[STORED DATA]
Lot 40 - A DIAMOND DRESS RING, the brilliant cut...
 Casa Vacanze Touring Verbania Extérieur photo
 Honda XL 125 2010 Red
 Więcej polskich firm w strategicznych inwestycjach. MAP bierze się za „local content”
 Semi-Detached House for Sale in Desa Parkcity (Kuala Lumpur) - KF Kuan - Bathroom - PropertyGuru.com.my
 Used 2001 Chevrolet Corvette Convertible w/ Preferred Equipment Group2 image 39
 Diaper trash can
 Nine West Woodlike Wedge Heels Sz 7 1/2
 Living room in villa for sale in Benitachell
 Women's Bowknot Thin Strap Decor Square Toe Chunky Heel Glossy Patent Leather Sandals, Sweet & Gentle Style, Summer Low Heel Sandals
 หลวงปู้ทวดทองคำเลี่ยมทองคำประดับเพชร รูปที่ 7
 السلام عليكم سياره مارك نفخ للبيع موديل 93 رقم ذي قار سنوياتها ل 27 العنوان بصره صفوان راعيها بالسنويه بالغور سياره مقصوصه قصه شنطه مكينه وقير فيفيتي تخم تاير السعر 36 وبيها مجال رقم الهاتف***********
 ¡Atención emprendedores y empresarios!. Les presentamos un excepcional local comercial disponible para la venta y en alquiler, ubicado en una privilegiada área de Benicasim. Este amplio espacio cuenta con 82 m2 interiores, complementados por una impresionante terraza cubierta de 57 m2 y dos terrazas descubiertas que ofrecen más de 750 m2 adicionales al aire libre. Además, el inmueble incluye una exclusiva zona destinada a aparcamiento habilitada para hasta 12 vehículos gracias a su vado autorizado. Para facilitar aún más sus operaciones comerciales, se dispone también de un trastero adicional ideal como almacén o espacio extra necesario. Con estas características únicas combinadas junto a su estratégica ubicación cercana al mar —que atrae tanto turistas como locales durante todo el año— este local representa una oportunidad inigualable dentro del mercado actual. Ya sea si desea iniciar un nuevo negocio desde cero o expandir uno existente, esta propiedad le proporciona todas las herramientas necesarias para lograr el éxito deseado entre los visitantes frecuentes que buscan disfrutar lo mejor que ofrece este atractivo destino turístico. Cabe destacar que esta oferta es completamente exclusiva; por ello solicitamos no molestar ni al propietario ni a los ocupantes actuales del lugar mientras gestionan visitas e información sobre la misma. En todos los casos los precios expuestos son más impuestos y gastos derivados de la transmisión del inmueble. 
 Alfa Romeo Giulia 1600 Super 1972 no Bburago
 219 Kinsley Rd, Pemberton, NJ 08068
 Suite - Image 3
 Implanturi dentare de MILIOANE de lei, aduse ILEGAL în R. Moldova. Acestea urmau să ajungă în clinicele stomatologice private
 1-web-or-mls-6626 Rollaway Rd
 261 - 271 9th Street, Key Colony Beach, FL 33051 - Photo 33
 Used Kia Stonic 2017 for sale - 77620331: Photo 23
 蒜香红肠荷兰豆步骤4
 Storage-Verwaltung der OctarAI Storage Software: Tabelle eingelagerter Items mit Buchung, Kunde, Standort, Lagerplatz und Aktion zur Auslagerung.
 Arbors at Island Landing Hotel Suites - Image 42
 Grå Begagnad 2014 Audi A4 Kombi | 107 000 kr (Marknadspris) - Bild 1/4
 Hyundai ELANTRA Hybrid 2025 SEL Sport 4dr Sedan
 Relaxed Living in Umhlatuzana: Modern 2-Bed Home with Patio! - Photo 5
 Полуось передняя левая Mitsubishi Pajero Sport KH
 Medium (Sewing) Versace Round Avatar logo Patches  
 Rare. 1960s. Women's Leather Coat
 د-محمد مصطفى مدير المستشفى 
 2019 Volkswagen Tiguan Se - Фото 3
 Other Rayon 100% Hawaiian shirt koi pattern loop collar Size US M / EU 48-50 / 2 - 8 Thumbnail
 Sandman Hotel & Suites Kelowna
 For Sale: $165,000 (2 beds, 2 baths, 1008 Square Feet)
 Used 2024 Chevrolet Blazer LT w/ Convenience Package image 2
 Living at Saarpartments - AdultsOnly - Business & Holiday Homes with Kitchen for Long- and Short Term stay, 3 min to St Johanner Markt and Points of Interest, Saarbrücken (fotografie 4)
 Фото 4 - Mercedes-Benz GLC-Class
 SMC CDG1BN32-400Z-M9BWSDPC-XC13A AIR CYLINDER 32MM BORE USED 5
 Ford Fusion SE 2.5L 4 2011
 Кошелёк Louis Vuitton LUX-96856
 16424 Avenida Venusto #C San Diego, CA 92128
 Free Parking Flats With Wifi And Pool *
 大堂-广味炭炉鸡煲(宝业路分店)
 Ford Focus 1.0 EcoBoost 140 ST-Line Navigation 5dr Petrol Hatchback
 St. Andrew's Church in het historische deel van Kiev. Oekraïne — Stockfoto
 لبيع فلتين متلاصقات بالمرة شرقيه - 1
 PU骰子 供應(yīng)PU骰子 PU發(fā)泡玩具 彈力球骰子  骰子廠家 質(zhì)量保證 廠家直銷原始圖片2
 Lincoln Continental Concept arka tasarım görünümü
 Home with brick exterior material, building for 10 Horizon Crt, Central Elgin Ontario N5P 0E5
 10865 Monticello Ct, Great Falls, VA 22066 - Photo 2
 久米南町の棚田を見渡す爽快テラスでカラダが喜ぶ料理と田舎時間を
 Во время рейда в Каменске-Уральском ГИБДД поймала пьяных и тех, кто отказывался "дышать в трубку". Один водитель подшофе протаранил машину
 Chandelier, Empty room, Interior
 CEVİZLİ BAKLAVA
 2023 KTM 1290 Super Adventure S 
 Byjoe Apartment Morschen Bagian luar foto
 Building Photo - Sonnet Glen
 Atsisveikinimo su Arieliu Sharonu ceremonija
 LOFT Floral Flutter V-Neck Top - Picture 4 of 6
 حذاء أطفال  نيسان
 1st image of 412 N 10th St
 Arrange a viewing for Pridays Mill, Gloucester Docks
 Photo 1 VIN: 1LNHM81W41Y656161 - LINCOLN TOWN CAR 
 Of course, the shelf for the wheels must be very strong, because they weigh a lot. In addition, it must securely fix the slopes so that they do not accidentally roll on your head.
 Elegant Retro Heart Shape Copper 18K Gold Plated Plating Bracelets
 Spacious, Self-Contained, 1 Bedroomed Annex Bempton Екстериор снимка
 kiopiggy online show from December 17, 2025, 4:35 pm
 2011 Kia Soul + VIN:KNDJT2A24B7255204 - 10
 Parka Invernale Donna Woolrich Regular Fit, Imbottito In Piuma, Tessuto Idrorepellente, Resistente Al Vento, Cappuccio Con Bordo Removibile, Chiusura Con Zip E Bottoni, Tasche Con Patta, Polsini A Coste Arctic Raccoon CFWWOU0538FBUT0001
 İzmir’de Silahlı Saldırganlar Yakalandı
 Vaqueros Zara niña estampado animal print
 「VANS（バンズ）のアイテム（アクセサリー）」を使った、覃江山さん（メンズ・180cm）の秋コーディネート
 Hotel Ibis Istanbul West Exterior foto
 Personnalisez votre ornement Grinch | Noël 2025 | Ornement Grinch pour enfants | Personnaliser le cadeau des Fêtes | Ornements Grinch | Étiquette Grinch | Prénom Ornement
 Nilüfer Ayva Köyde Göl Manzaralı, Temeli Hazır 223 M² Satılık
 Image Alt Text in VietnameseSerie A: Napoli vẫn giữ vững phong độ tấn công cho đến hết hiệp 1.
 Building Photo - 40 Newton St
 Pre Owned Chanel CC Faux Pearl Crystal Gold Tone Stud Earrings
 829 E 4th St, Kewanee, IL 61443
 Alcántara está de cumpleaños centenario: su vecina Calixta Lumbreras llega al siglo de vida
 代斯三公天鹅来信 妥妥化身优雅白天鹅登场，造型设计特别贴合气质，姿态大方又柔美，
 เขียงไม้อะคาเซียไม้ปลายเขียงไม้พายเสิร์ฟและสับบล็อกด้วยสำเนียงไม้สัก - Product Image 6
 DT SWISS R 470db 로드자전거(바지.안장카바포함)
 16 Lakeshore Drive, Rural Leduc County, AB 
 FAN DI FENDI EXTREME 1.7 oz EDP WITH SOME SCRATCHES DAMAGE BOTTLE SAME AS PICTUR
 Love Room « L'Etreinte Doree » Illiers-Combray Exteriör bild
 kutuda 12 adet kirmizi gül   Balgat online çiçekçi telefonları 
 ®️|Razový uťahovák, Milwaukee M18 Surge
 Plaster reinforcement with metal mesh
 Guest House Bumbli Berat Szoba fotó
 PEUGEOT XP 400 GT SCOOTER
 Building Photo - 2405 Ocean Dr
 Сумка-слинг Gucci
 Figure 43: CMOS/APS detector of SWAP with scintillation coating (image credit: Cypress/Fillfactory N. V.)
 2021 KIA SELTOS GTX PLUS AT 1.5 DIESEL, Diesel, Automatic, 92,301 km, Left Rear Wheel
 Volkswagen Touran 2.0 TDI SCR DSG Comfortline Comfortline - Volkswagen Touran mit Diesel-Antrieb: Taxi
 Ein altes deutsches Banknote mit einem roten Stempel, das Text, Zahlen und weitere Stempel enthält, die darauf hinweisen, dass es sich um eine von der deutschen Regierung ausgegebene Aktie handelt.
[/STORED DATA]
AIM OF THE EXERCISE:
Nothing but the lines from the one with "Plaster reinforcement with metal mesh" through the last line of the data should appear; print them exactly.

PROBLEM SOLUTION:
 Plaster reinforcement with metal mesh
 Guest House Bumbli Berat Szoba fotó
 PEUGEOT XP 400 GT SCOOTER
 Building Photo - 2405 Ocean Dr
 Сумка-слинг Gucci
 Figure 43: CMOS/APS detector of SWAP with scintillation coating (image credit: Cypress/Fillfactory N. V.)
 2021 KIA SELTOS GTX PLUS AT 1.5 DIESEL, Diesel, Automatic, 92,301 km, Left Rear Wheel
 Volkswagen Touran 2.0 TDI SCR DSG Comfortline Comfortline - Volkswagen Touran mit Diesel-Antrieb: Taxi
 Ein altes deutsches Banknote mit einem roten Stempel, das Text, Zahlen und weitere Stempel enthält, die darauf hinweisen, dass es sich um eine von der deutschen Regierung ausgegebene Aktie handelt.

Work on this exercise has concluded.